Global Trade Tariffs, NAFTA, and Used Clothing
Much has been said lately about the U.S. Administration’s strategy on global trade and its trade policy. No one seems to have a clear sense whether that would have a direct impact on the used clothing sector. Maybe because the truth is there’s a lot up in the air right now.
In such a global industry like ours, a protectionist policy might put pressure on international markets overall, slowing down the trade of second hand clothing between nations. On the other hand, a protective approach could be beneficial for our industry. We saw this with the recent resolution to the dispute of the ban of used clothing in the Eastern African Community.

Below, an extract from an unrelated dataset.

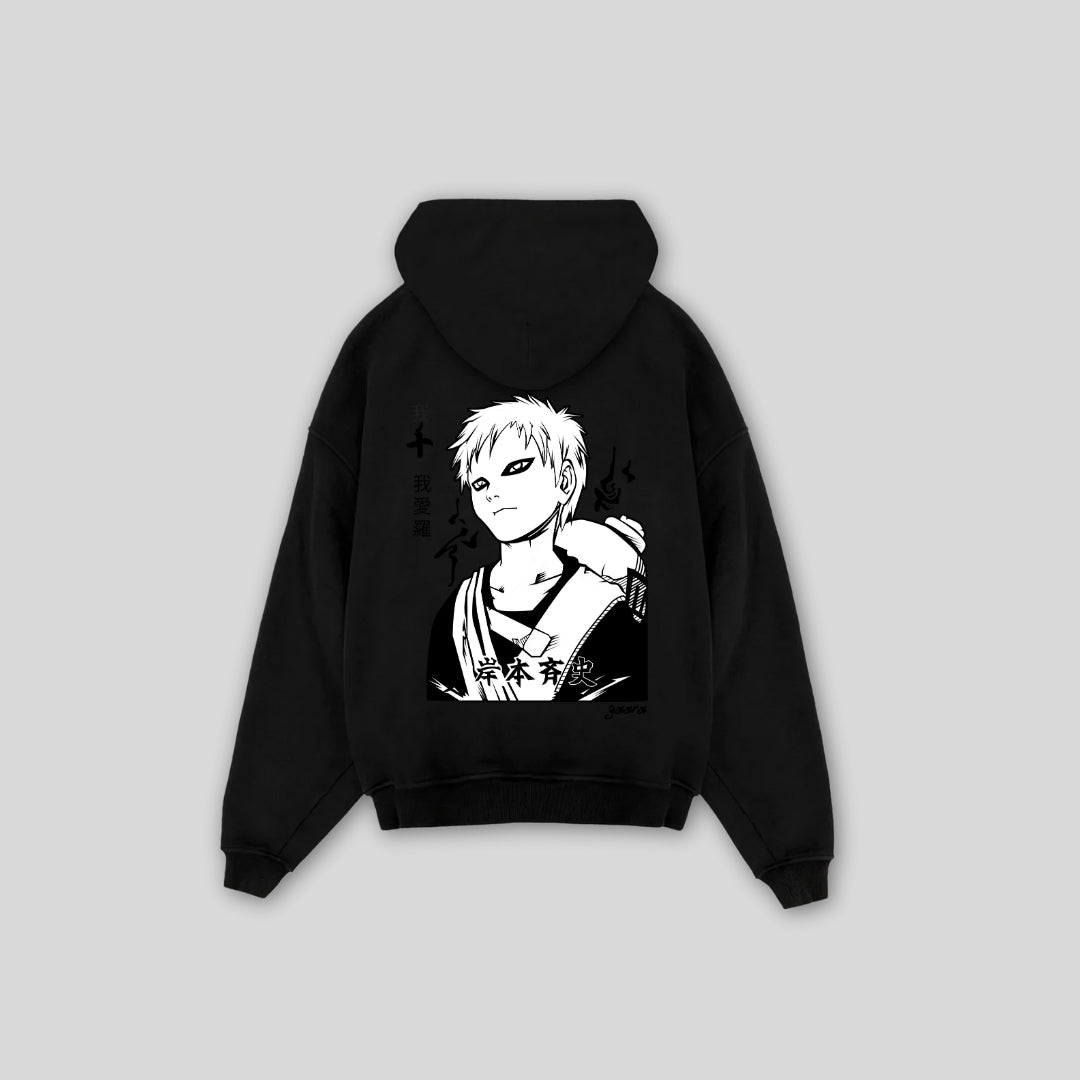 Naruto Sasuke Anime Hoodie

The negotiation of the “new NAFTA” raises special interest, as it involves a large number of American used clothing sellers – charities and private collectors – as well as Canadian graders. When asked about that, members of our industry association – SMART – said that they do not expect a direct impact on used clothing in terms of a change in duties or rules of origin (which helps determine whether an item receives preference). But, again no one can claim the results of these negotiations as of today.
The November midterm elections, and potential changes – or not – to the House and Senate, should give us more insight on this matter. Until then, thrift stores, private collectors, brokers, graders, and final customers overseas, will keep doing what we believe is best for our society and the environment: recycling used clothing and accessories.
As if we were farmers, those in the used clothing recycling industry also look at the sky to forecast the weather – along with our operations! Whether this year we name the hurricane Alberto or Florence, they all share something in common: they are destructive, generate big damage and unfortunately, cause fatalities. Thankfully, we with many donors, volunteers, and charity organizations support the disaster relief actions.
The role of used goods recyclers is to help charities to raise funds to support their programs. We do that by finding new homes for the excess of donations, and monetizing those discards. Inclement weather also restrains us from our objectives to move product and generate resources for those in need.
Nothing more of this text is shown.